By the 1920s, Downtown Knoxville was filled with the hustle and bustle of people traveling for both business and leisure.
“If you see pictures of downtown from the air, you can see that there are no empty spaces. Every place had buildings on it,” Neely said. “There were no parks and there are no parking lots.”
Without parking spaces, everyone arrived the same way: the streetcar.
“People didn't expect to get to leave their car around downtown, even rich people rode the streetcar,” Neely said.
Soon, though, cars became more popular and people needed places to park.
Pryor Brown took a chance.
“In the 1920s, he was an old man, but he said, ‘I hate cars.
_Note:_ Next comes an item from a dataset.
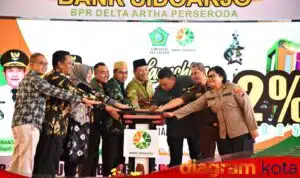 Bupati Sidoarjo Luncurkan KURDA 2025: Bunga Ringan, Tanpa Biaya, UMKM Makin Diberdayakan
I would rather take one horse over a whole parking lot full of cars, but that’s what I have to deal with,’” Neely said.
The man who made his living on horses started building one of the country's first parking garages in 1925 on the side of his Church Avenue livery stable, the Pryor Brown Transfer Company.
Photos: Pryor Brown Garage through the years
“It's fascinating to think of this idea of the livery stable literally evolving into a parking garage,” Neely said. “A place where people would rent or leave horses changed into a parking garage, which is kind of the modern version of the old livery stable.”
Finished in 1929, the “House of Brown” was more than just a place to park. It ran a taxi service, handled freight from the nearby railway and delivered mail for the post office.
Neely said it helped modernize downtown. Along with the garage, the block also housed retail spaces, a revolutionary concept for the time.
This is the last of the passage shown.